MATERIAL PROVIDED:
'''

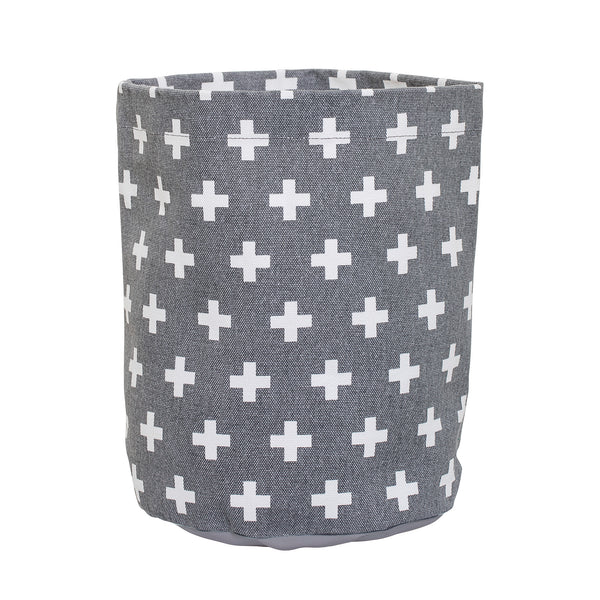 Aufbewahrungskorb Cross, Übertopf Scandi, grau-weiß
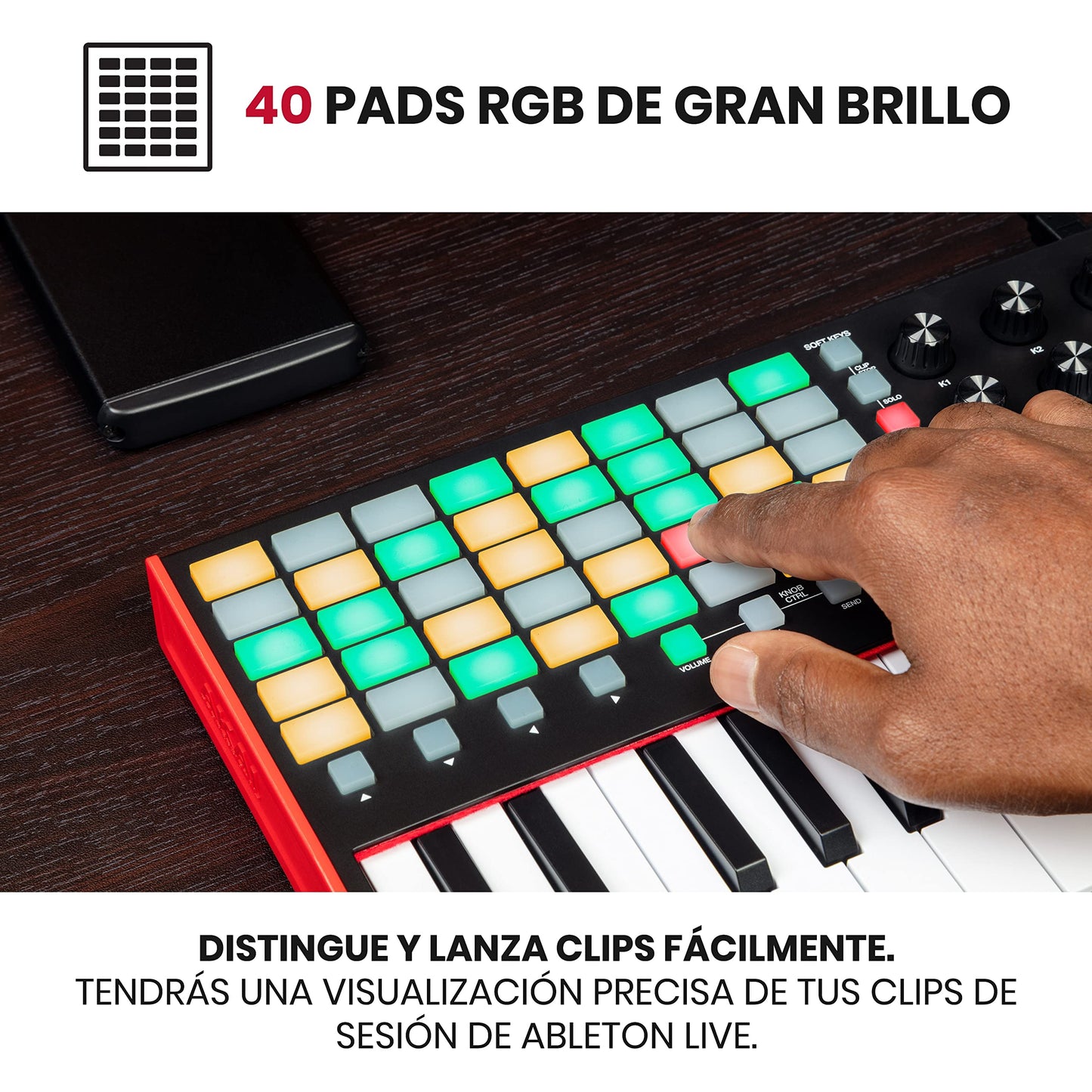 Akai Professional APC Key 25 MK2 - driver de teclado MIDI USB de 25 teclas para lanzamiento de clips con Ableton Live Lite, 40 almohadillas para orejas RGB y 8 perillas giratorias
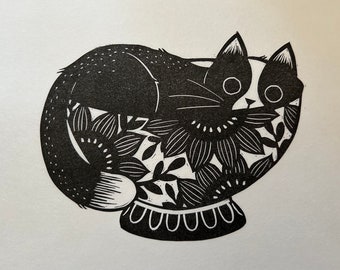 Original Linocut Print, "Curious"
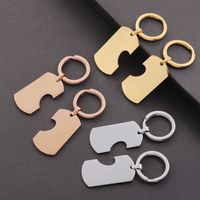 Simple Style Heart Shape Titanium Steel Plating None 18K Gold Plated Keychain main image 1
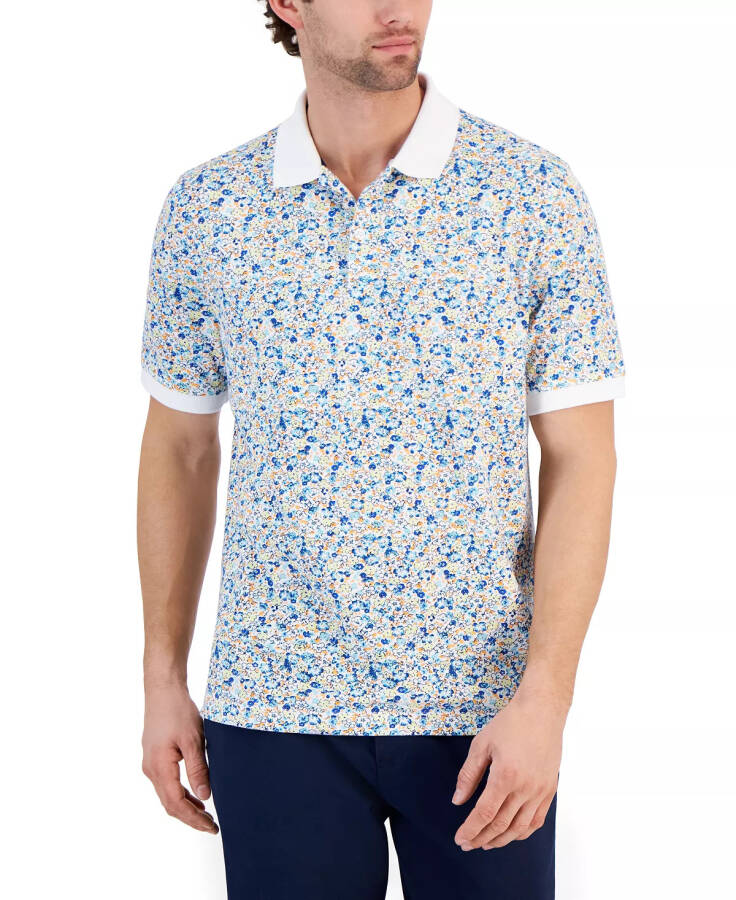 Men's Berty Floral Pique Polo Shirt, Created for Modazone Bright White - 4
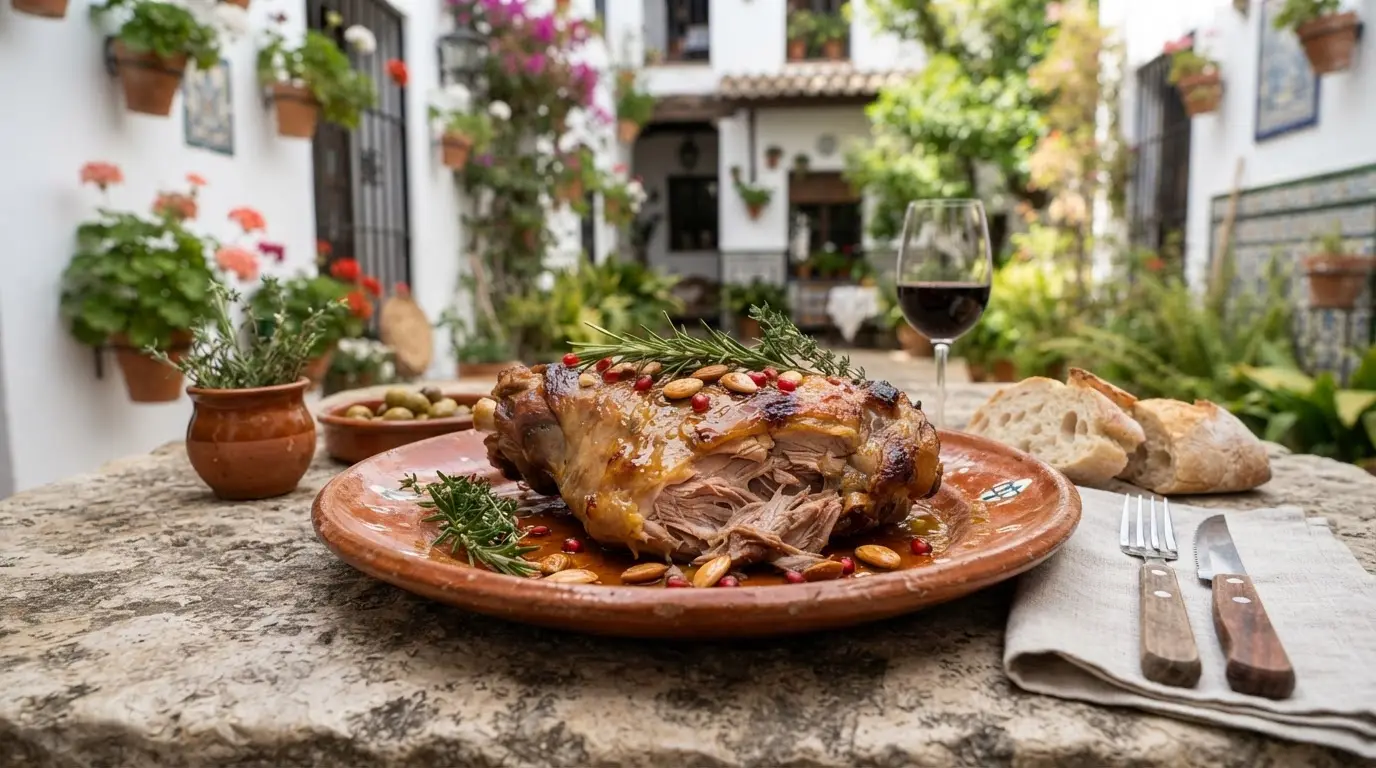 Cordero a la miel Córdoba history: golden honey-glazed slow-roasted lamb shoulder on a terracotta plate, saffron glaze catching the light, rosemary sprigs, stone table surface in an Andalusian setting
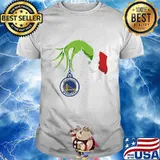 Merry christmas grinch holding golden state warriors logo shirt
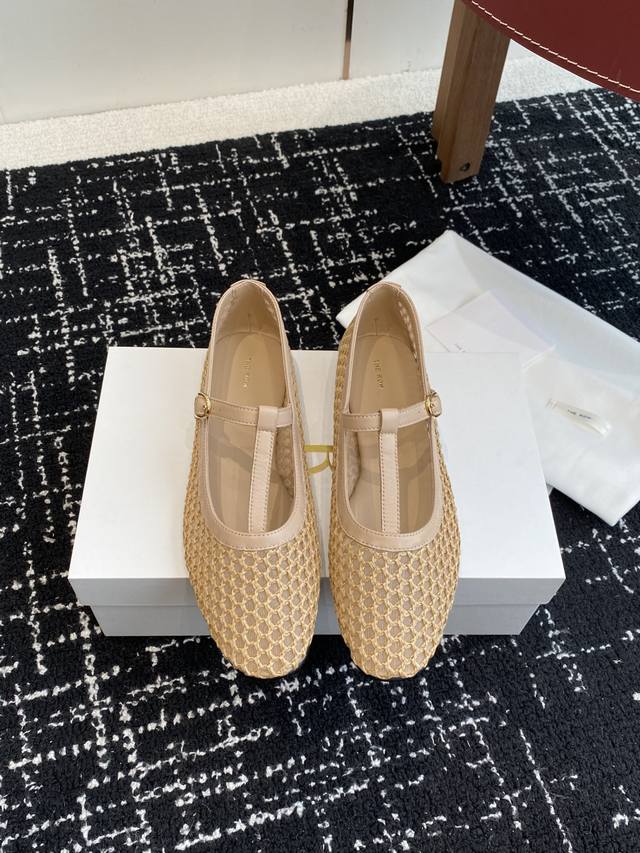 Dongguan Purchasing Level The Row 25Ss Mesh Breathable Ballet Shoes Single Shoes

'''

TASK TO CARRY OUT:
Output the full material above exactly, leaving every picture out.

PROBLEM SOLUTION:
 Aufbewahrungskorb Cross, Übertopf Scandi, grau-weiß
 Akai Professional APC Key 25 MK2 - driver de teclado MIDI USB de 25 teclas para lanzamiento de clips con Ableton Live Lite, 40 almohadillas para orejas RGB y 8 perillas giratorias
 Original Linocut Print, "Curious"
 Simple Style Heart Shape Titanium Steel Plating None 18K Gold Plated Keychain main image 1
 Men's Berty Floral Pique Polo Shirt, Created for Modazone Bright White - 4
 Cordero a la miel Córdoba history: golden honey-glazed slow-roasted lamb shoulder on a terracotta plate, saffron glaze catching the light, rosemary sprigs, stone table surface in an Andalusian setting
 Merry christmas grinch holding golden state warriors logo shirt
 Dongguan Purchasing Level The Row 25Ss Mesh Breathable Ballet Shoes Single Shoes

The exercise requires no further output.